**What needs to be done**. Give the records again exactly, but drop the pictures.

**Dataset content**.
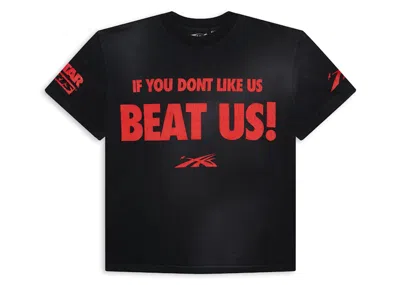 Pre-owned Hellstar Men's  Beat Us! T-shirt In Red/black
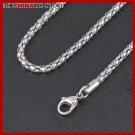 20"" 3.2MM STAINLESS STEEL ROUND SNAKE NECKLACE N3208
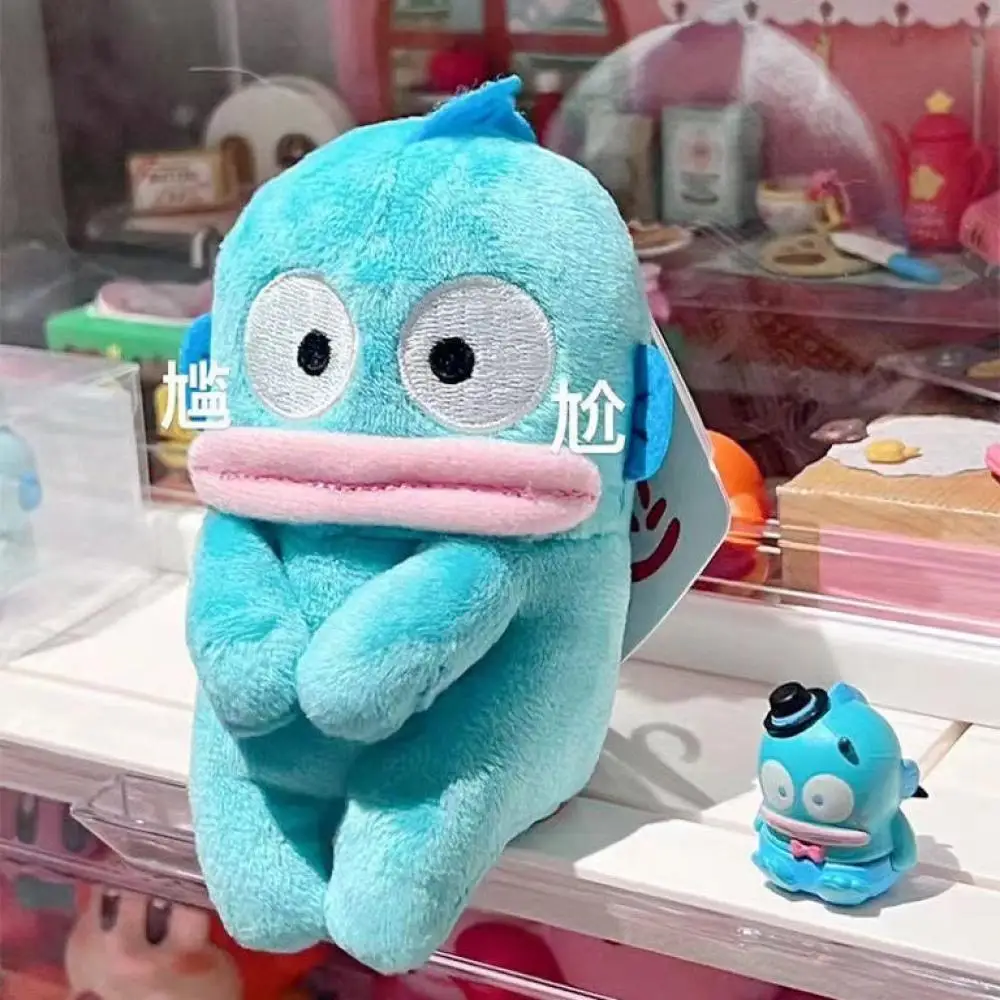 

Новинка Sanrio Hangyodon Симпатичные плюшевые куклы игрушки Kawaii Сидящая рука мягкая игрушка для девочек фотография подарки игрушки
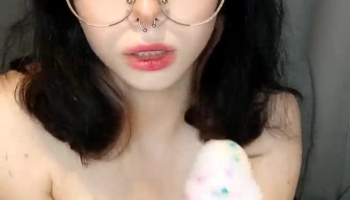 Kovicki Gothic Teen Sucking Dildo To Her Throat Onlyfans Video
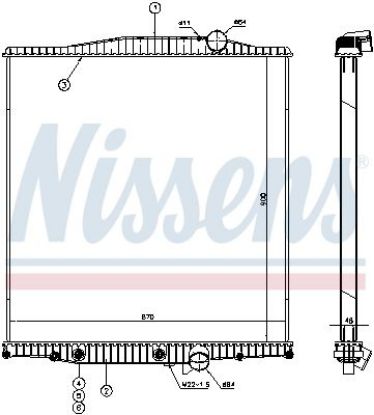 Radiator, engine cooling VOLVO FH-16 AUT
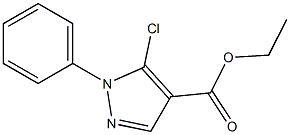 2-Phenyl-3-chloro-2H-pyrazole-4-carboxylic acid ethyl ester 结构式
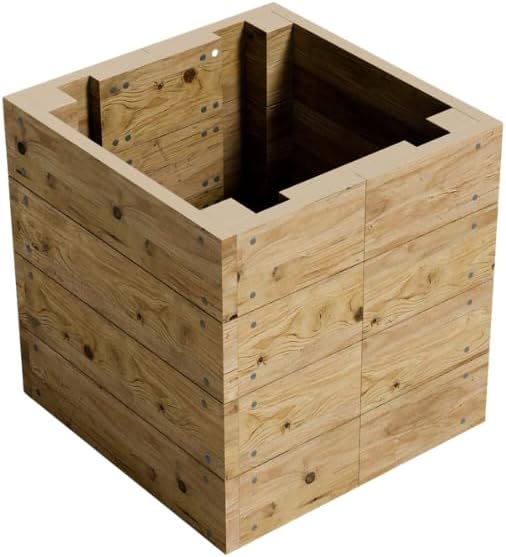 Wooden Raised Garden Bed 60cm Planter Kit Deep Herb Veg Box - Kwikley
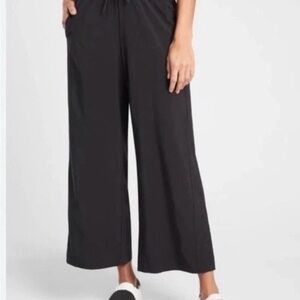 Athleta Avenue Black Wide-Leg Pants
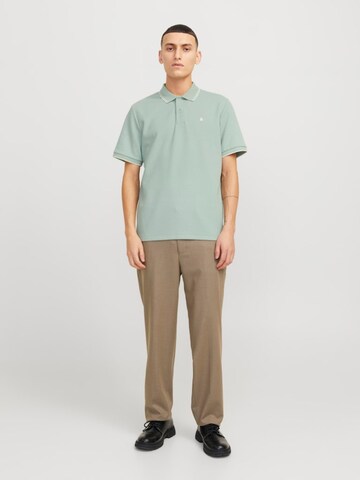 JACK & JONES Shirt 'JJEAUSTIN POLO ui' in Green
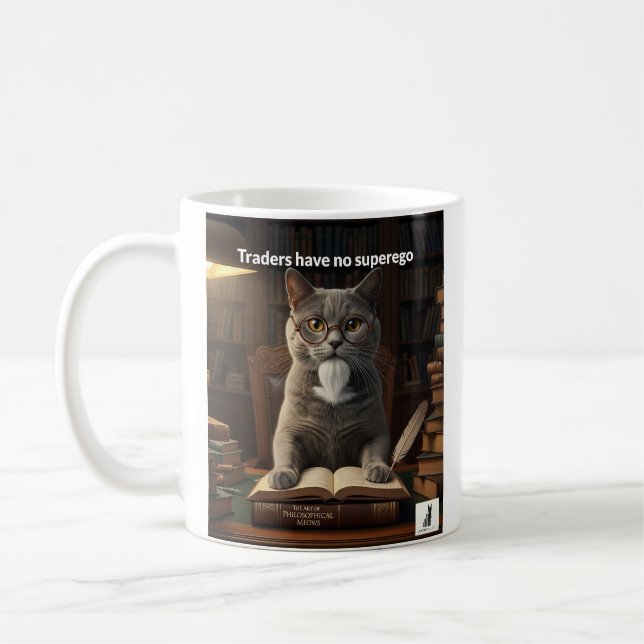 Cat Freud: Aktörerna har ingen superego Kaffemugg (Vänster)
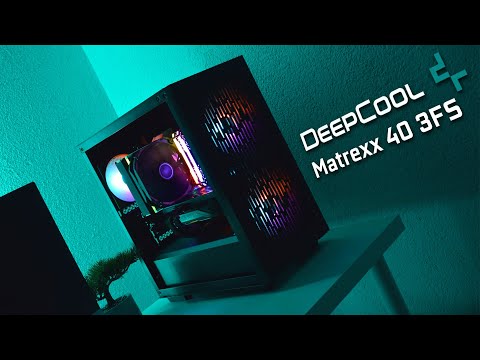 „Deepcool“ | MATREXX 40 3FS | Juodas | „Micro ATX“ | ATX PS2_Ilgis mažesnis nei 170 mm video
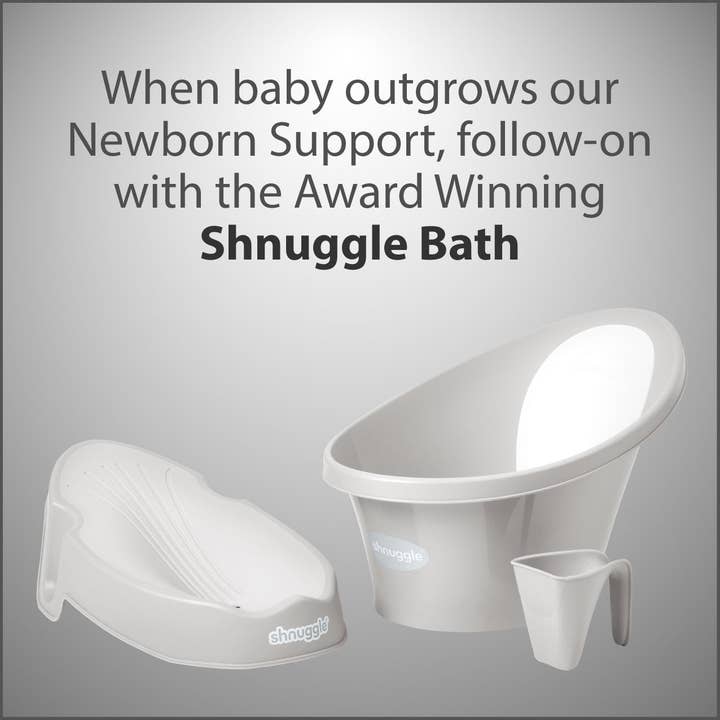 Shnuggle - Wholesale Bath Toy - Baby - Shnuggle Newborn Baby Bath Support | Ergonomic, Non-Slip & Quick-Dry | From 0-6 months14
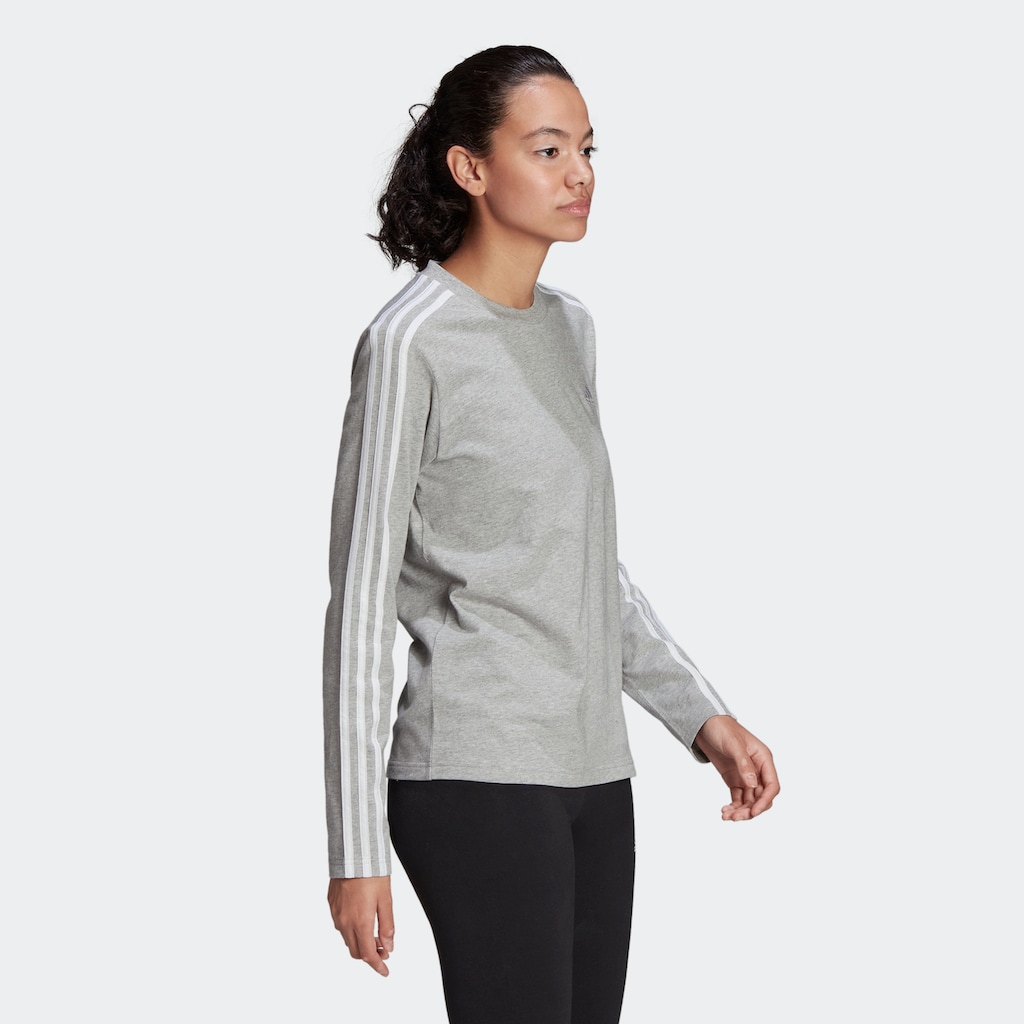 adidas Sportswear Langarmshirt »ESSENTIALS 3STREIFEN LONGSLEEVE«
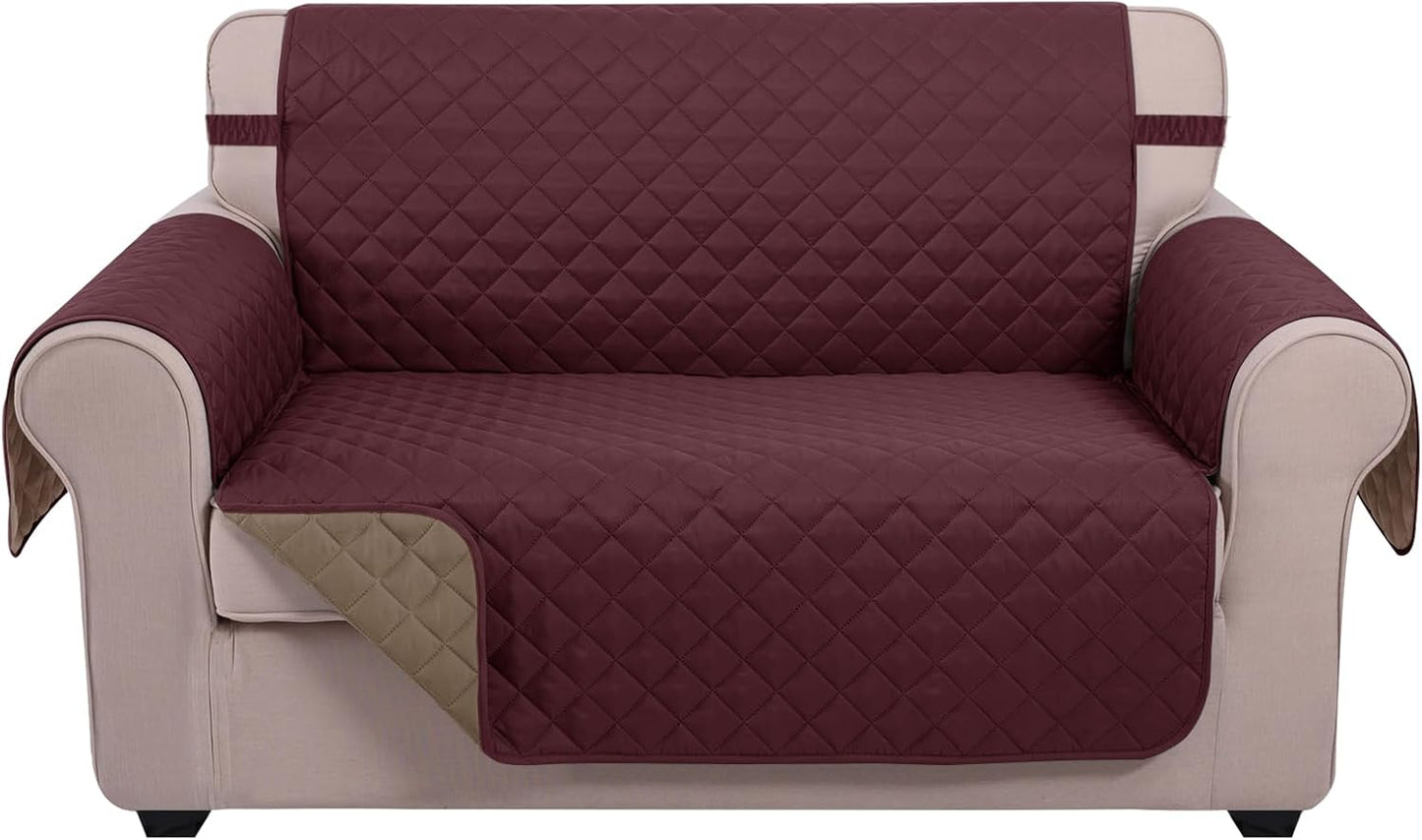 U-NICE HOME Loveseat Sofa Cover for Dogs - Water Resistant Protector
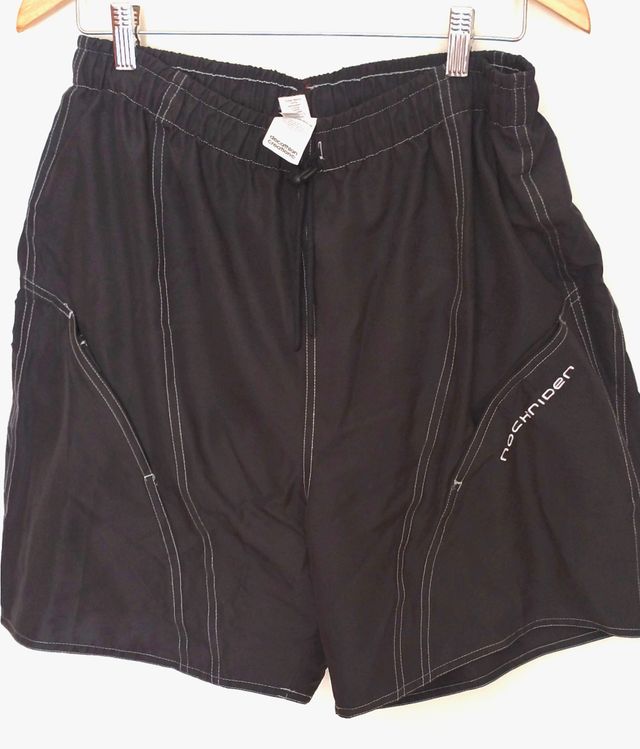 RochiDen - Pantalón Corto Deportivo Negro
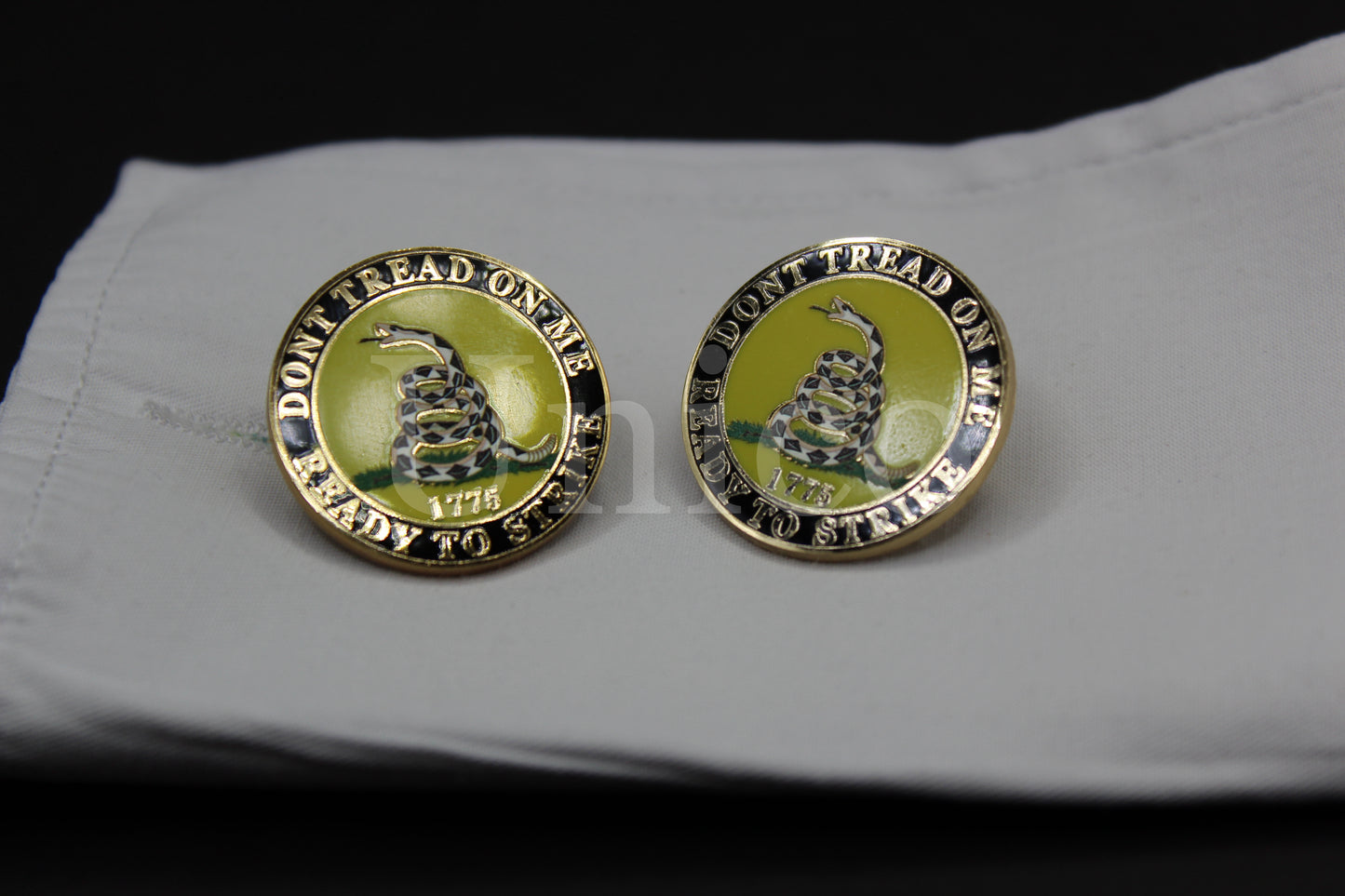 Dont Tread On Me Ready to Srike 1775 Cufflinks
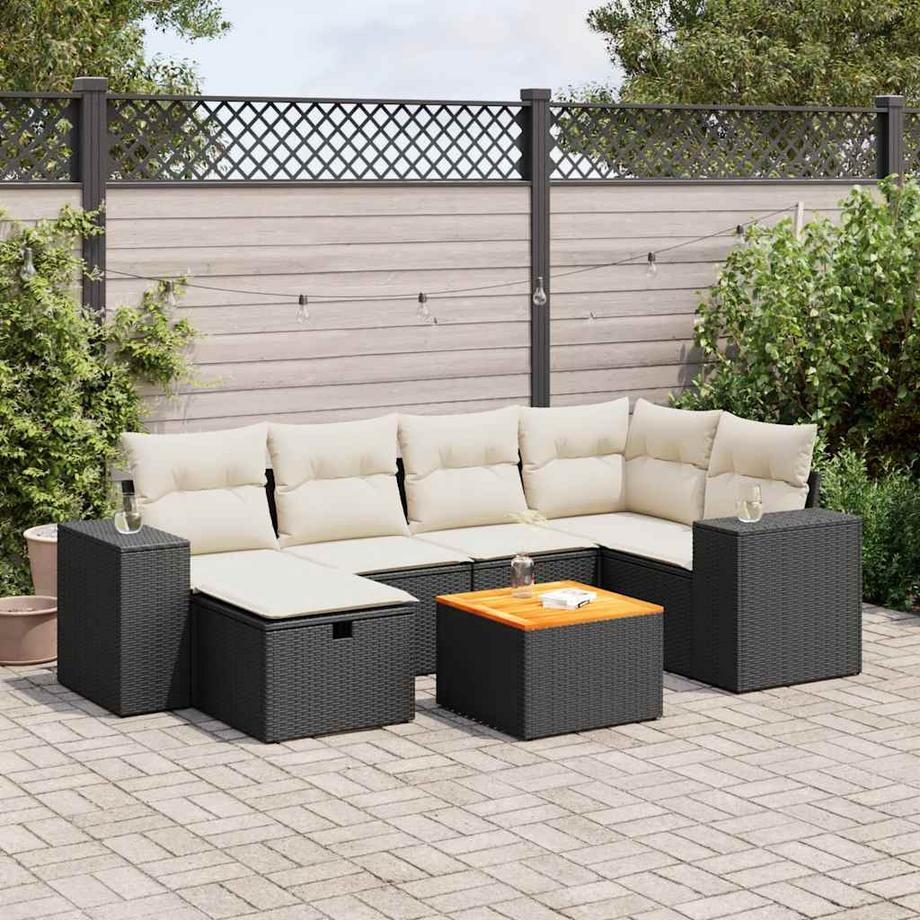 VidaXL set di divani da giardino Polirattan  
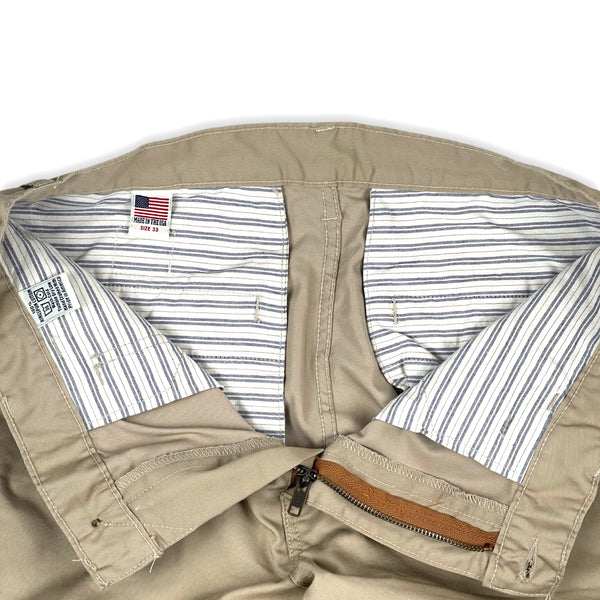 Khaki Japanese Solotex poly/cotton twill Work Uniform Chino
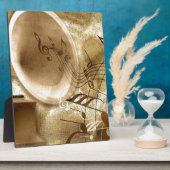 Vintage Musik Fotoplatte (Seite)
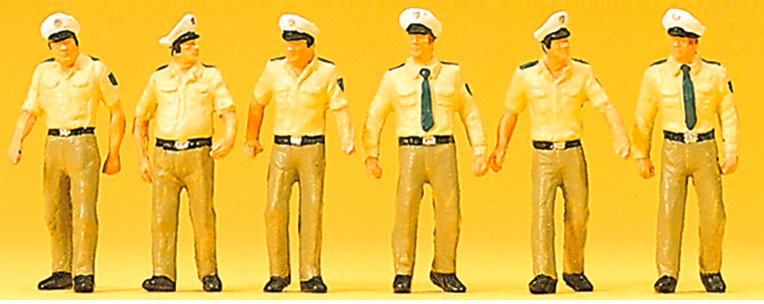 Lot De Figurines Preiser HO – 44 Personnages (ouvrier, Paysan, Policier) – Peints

**Written reply**.
 Pre-owned Hellstar Men's  Beat Us! T-shirt In Red/black
 20"" 3.2MM STAINLESS STEEL ROUND SNAKE NECKLACE N3208

Новинка Sanrio Hangyodon Симпатичные плюшевые куклы игрушки Kawaii Сидящая рука мягкая игрушка для девочек фотография подарки игрушки
 Kovicki Gothic Teen Sucking Dildo To Her Throat Onlyfans Video
 Radiator, engine cooling VOLVO FH-16 AUT
 2-Phenyl-3-chloro-2H-pyrazole-4-carboxylic acid ethyl ester 结构式
 Wooden Raised Garden Bed 60cm Planter Kit Deep Herb Veg Box - Kwikley
 Athleta Avenue Black Wide-Leg Pants
 JACK & JONES Shirt 'JJEAUSTIN POLO ui' in Green
 Cat Freud: Aktörerna har ingen superego Kaffemugg (Vänster)
 „Deepcool“ | MATREXX 40 3FS | Juodas | „Micro ATX“ | ATX PS2_Ilgis mažesnis nei 170 mm video
 Shnuggle - Wholesale Bath Toy - Baby - Shnuggle Newborn Baby Bath Support | Ergonomic, Non-Slip & Quick-Dry | From 0-6 months14
 adidas Sportswear Langarmshirt »ESSENTIALS 3STREIFEN LONGSLEEVE«
 U-NICE HOME Loveseat Sofa Cover for Dogs - Water Resistant Protector
 RochiDen - Pantalón Corto Deportivo Negro
 Dont Tread On Me Ready to Srike 1775 Cufflinks
 VidaXL set di divani da giardino Polirattan  
 Khaki Japanese Solotex poly/cotton twill Work Uniform Chino
 Vintage Musik Fotoplatte (Seite)
 Lot De Figurines Preiser HO – 44 Personnages (ouvrier, Paysan, Policier) – Peints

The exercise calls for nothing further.